Wstałam o 7.30 bo mi budzik nie zadzwonił, do pracy poszłam tak jak zwykle. Miałam do załatwienia kilka telefonów, jakieś drobne sprawy, w sumie niewiele tego było. Wyszłam o 13, bo tego dnia miała być u nas Ola a ja chciałam z nią spędzić trochę czasu. Bawiłyśmy się razem, grałyśmy w gry. Po obiedzie zaczęłam ją uczyć gry w państwa miasta, ale nie trwało to zbyt długo bo Daniel po nią przyjechał. Wieczór spędziłam tak jak zwykle, przed snem słuchałam radia.

karin   
lip 16 2020 15.07.2020
Komentarze (0)

Wstałam jak zwykle, dzień w pracy minął podobnie, dlatego też wyszłam o 13.00. Tego dnia był u nas Kamilek więc wolałam wrócić wcześniej żeby z nim się pobawić. Tak też się stało.

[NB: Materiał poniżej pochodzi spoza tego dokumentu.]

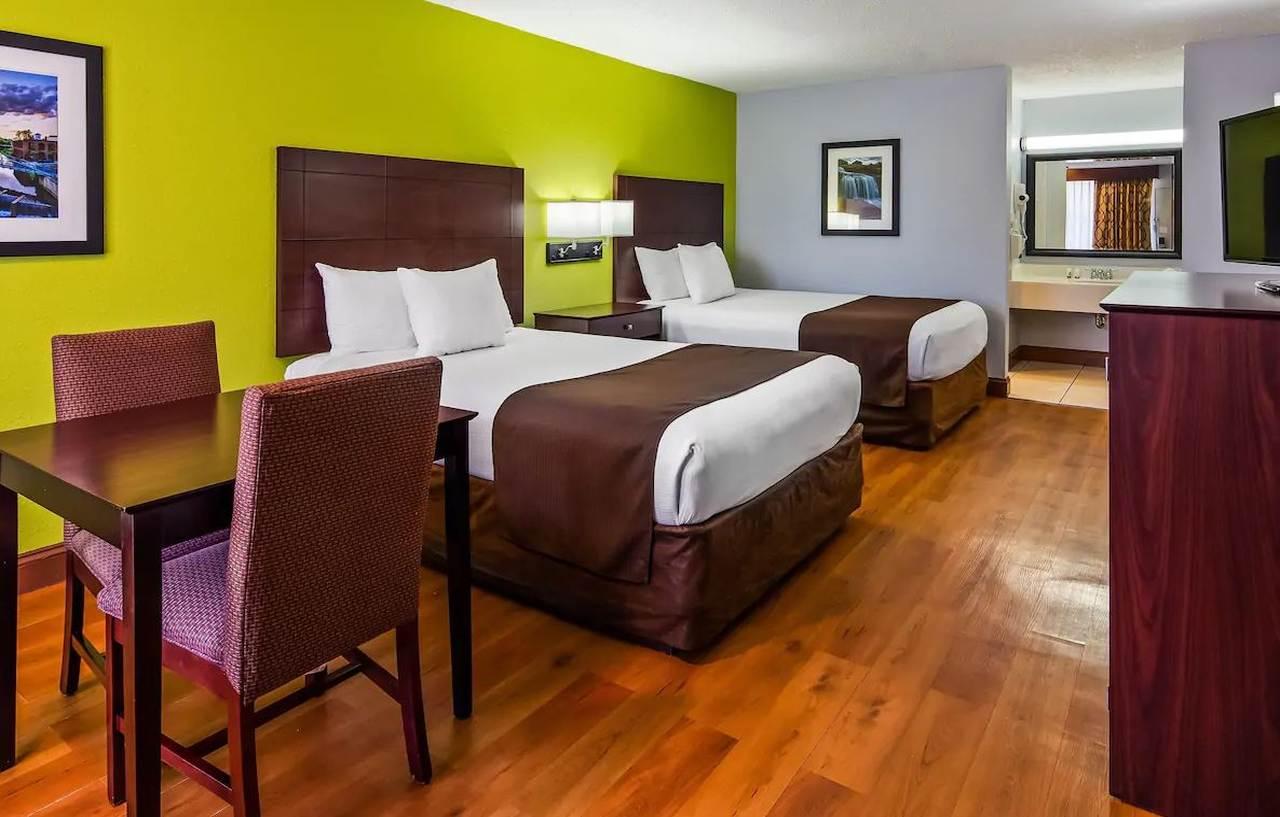 Best Western Greenville Airport מראה חיצוני תמונה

Dałam mu zalegu urodzinowy prezent, a potem pomagałam mu złożyć autko z części. Na 17 miałam terapię, więc nie mogłam z nim iść na podrórko choć bardzo chciałam. Po terapii poszłam do apteki wybrać leki, na które odebrałam numerek dzień wcześniej. Potem poszłam jeszcze na cmentarz zapalić znicze babci i dziadkowi, bo kilka dni wcześniej była rocznica śmierci babci, a ja nie zdążyłam tego zrobić. Wróciłam spacerkiem tuż przed 19.00. Obejrzałam wiadomości, potem trochę czytałam, w międzyczasie zadzwonił Bartek. Zasnęłam dość późno, słuchałam radia.